The Acropolis Museum
Nov. 24th, 2021 12:07 amThe Greeks, their country proud but impoverished, built a new museum. It is huge, gorgeous, modern, climate-controlled, and was built with a whole glass-enclosed floor just to display the marbles from the Parthenon. Which are in the British Museum. I don't think they will ever be returned. But no one can say that Greece doesn't have a place for them.
We took a cab from the hotel to the museum. The building is an angled, geometric structure of glass, metal, and concrete starting at ground level below the acropolis and rising several stories so that the top level looks out almost level with ancient buildings on top. When I say glass and metal I mean everything. Including the floors. The ground floor is all see-through glass so that you can look directly into the on-going excavations below. It's more than a little disconcerting, and the only way I could manage it was to look ahead and not down.



The caryatids from the Erectheum are also on display in this museum. The ones actually on the acropolis now holding up the building are now replicas. One of the most interesting parts of this is that you can now see the backs of these female bearers of burdens, and the backs are in much better shape than the fronts since they spent a couple thousand years protected by the roof and not facing out into the elements. And of course you all know that all of this was originally painted in bright colors - no bland white marble for the early Greeks.
The top floor is, as I said, all glass-walled. With a wide bench around the whole thing. So one can sit and stare at the few existing bits of sculpture left, and at the pictures of the sculpture that is gone. It's like looking at the original pediments of the building almost at eye height. And through the windows you can see what is left of the Parthenon itself where Greeks are working a complex jigsaw puzzle to put as many original bits back where they belong and to replace missing stones and columns with replacement bits. You can also see the other hill of Athens, Lycabettus, rising above the city a bit farther away.


And my favorite part of the whole thing? Not only are there built in benches around the sides of the top floor, there are cube shaped benches throughout the building, and a theater with real chairs where they show a (quite political, but who can blame them?) film on the history of the Parthenon. That means that old, wimpy folks like me can enjoy several hours in the museum and see everything without giving in to exhaustion.
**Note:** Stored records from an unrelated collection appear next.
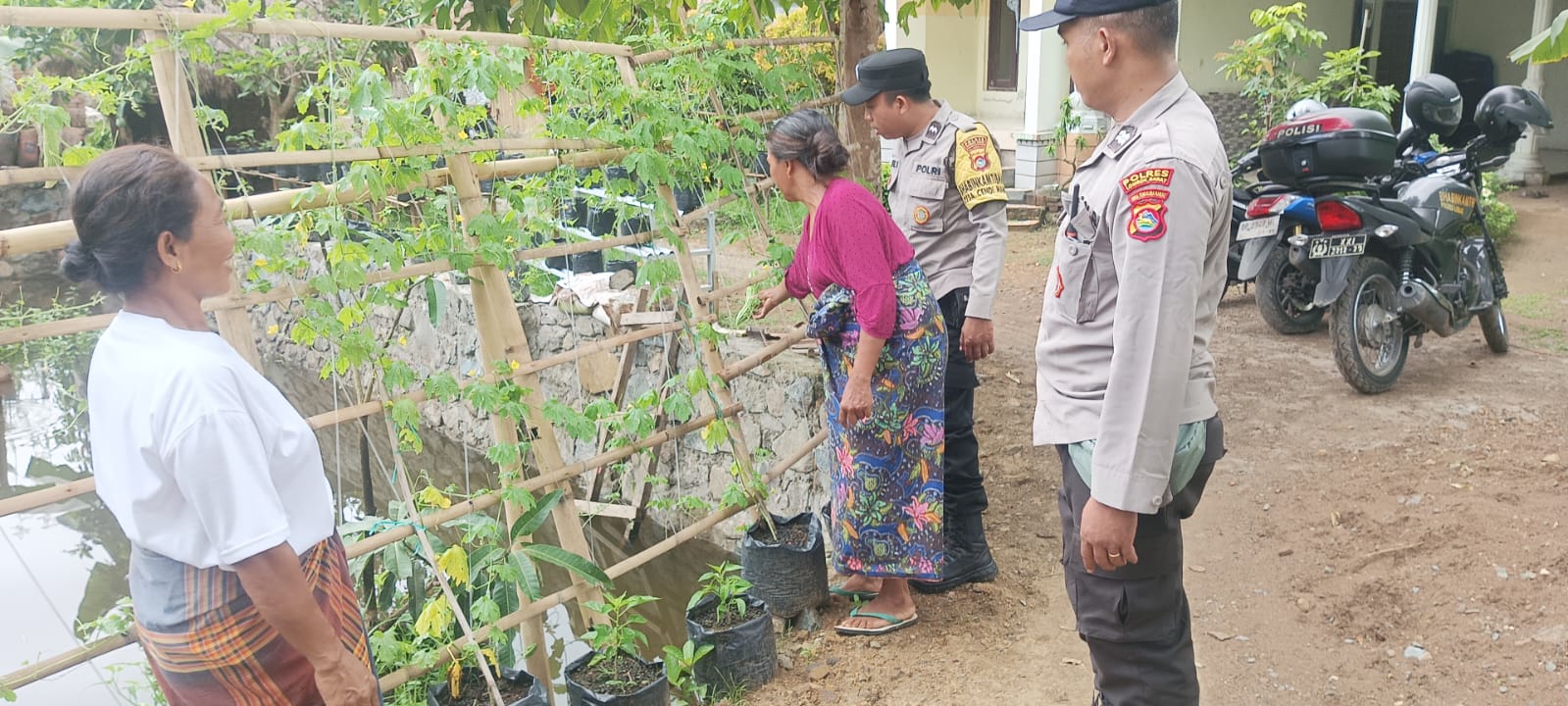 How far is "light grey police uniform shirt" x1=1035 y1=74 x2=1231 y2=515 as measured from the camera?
168 centimetres

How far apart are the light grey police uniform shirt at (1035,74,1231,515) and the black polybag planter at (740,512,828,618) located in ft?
4.86

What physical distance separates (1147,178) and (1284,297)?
4607mm

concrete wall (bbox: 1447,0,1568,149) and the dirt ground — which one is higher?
concrete wall (bbox: 1447,0,1568,149)

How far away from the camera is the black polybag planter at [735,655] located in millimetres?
2939

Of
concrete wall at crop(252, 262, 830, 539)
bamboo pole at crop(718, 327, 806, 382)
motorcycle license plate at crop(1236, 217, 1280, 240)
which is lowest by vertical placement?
concrete wall at crop(252, 262, 830, 539)

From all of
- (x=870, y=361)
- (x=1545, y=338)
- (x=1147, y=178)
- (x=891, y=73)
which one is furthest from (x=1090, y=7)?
(x=1545, y=338)

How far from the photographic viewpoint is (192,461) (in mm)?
1497

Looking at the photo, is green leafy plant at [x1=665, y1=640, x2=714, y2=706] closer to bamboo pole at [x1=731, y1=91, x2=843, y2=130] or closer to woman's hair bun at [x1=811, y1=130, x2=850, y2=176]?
woman's hair bun at [x1=811, y1=130, x2=850, y2=176]

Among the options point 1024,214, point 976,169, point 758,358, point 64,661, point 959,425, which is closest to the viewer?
point 64,661

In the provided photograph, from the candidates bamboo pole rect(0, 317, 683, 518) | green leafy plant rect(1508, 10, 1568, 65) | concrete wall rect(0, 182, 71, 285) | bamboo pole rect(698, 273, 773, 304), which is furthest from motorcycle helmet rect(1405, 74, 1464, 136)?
concrete wall rect(0, 182, 71, 285)

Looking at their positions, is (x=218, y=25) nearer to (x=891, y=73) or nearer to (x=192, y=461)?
(x=192, y=461)

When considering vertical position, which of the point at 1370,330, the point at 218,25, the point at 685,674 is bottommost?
the point at 685,674

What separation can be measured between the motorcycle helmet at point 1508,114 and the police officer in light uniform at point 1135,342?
409 cm

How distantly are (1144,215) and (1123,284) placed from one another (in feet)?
0.37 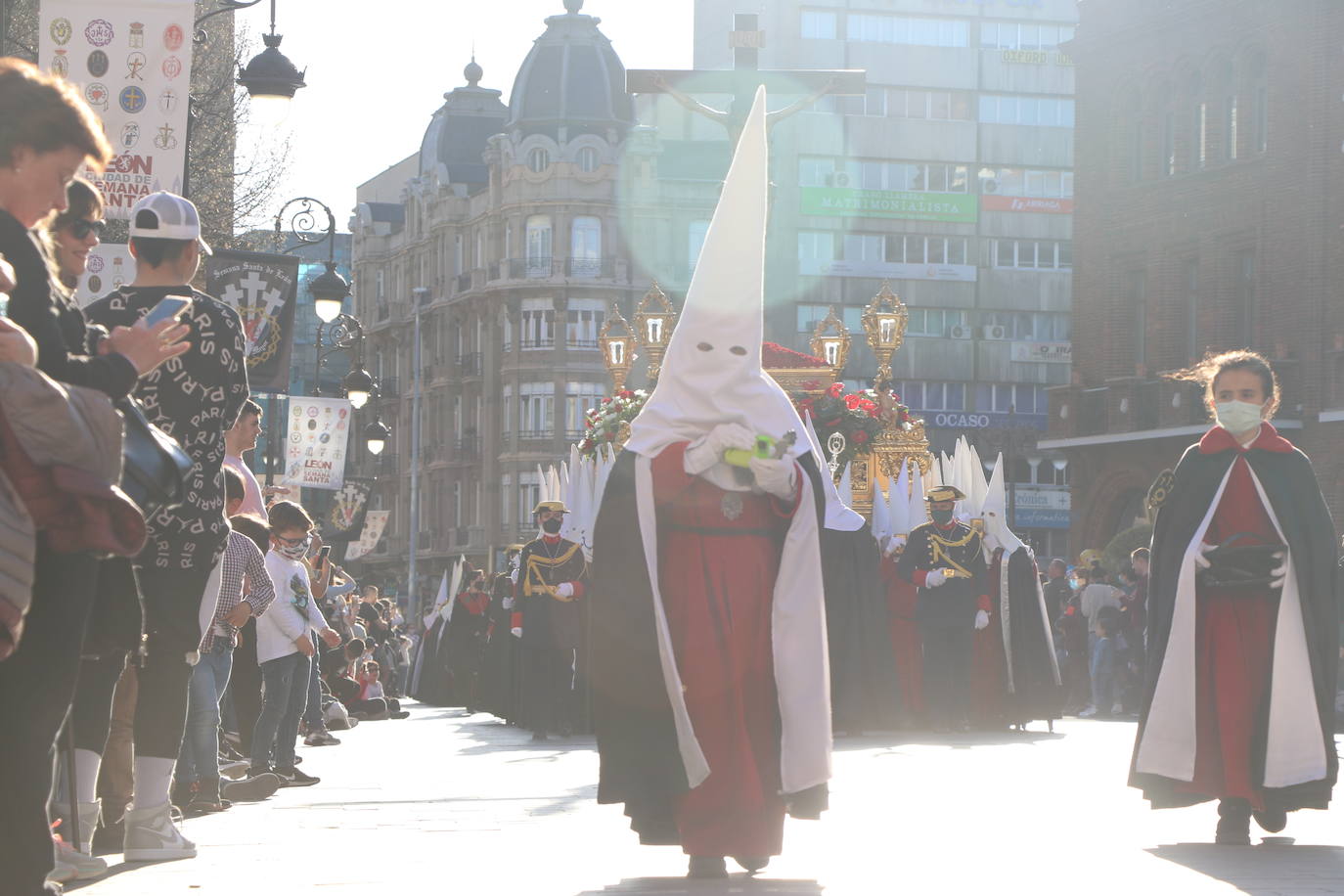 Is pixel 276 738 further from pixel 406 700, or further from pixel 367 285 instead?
pixel 367 285

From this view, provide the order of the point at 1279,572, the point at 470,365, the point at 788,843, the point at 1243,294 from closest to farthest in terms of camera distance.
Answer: the point at 788,843, the point at 1279,572, the point at 1243,294, the point at 470,365

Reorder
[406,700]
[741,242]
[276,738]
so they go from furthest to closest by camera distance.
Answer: [406,700] → [276,738] → [741,242]

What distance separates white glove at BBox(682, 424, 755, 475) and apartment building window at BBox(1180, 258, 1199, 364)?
37.4 m

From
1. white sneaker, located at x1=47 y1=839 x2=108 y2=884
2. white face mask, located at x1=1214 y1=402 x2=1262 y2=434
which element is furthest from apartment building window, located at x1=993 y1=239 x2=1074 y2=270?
white sneaker, located at x1=47 y1=839 x2=108 y2=884

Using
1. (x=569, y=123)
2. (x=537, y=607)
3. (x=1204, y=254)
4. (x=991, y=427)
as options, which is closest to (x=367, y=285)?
(x=569, y=123)

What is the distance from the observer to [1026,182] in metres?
82.0

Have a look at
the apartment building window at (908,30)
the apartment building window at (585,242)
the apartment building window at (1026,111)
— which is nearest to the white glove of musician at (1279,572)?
the apartment building window at (585,242)

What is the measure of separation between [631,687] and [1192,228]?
1502 inches

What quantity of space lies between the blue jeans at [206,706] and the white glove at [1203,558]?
4.46 m

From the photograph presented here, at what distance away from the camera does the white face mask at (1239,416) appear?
10.3m

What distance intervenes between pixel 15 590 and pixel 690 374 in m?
4.96

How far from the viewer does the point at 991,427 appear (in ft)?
259

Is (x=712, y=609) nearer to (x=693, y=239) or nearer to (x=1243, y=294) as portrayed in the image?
(x=1243, y=294)

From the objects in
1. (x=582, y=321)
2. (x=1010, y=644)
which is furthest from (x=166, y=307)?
(x=582, y=321) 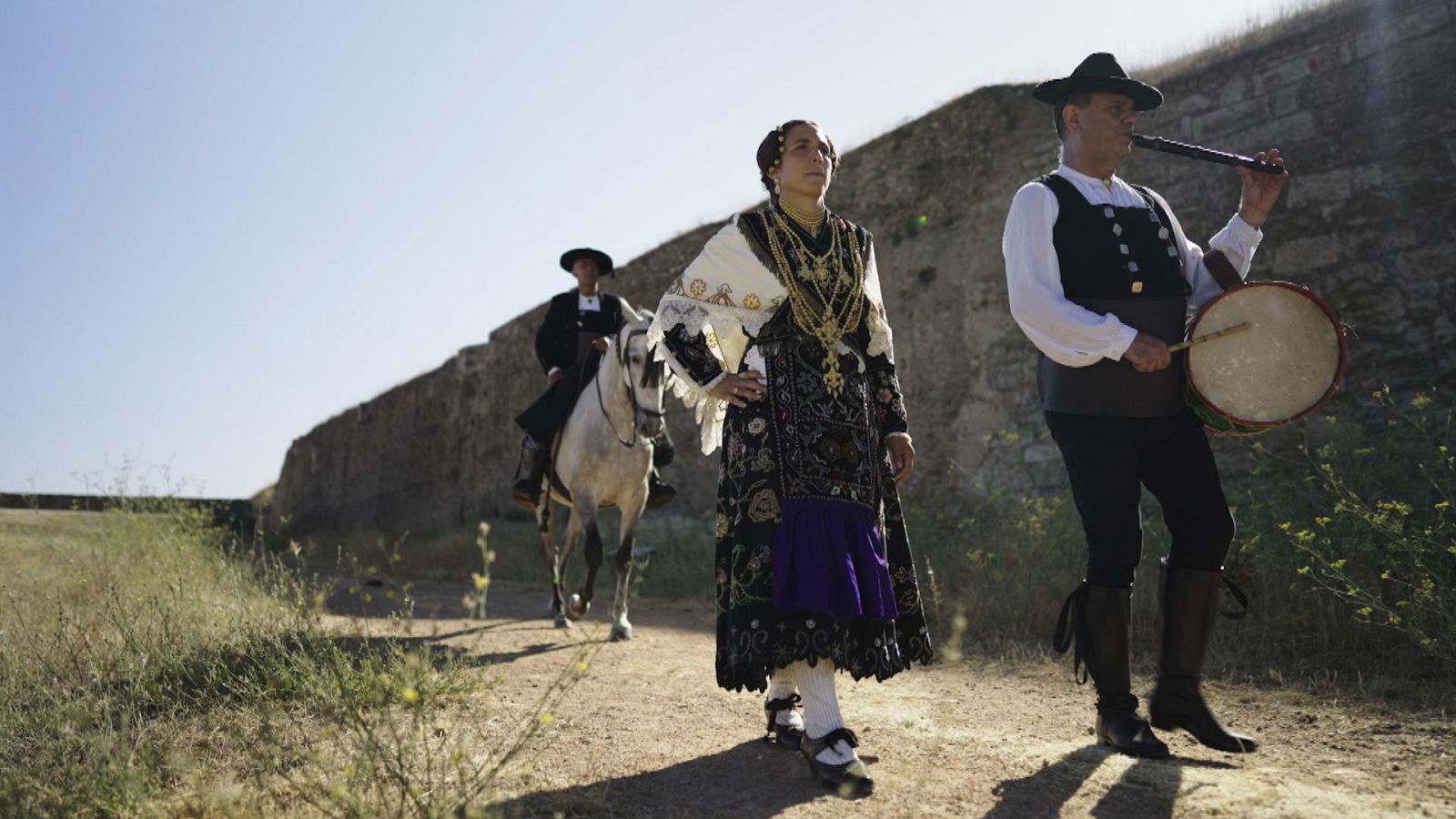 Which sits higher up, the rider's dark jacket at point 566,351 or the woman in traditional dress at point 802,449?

And speaking of politics, our day at the Acropolis Museum was the day that the city of Athens had a restaurant strike. All restaurants and tavernas and sidewalk food vendors in the city were closed. We had resigned ourselves to granola bars for dinner. But the café in the museum was open! The young woman who waited on us carefully explained that the wait staff belonged to the museum workers union, and when museums were closed for strikes, the waiters went on strike with them. But on that day we ended our expedition with a lovely hot meal of excellently prepared food, and I got a glass of Greek cider that was tart and tasty.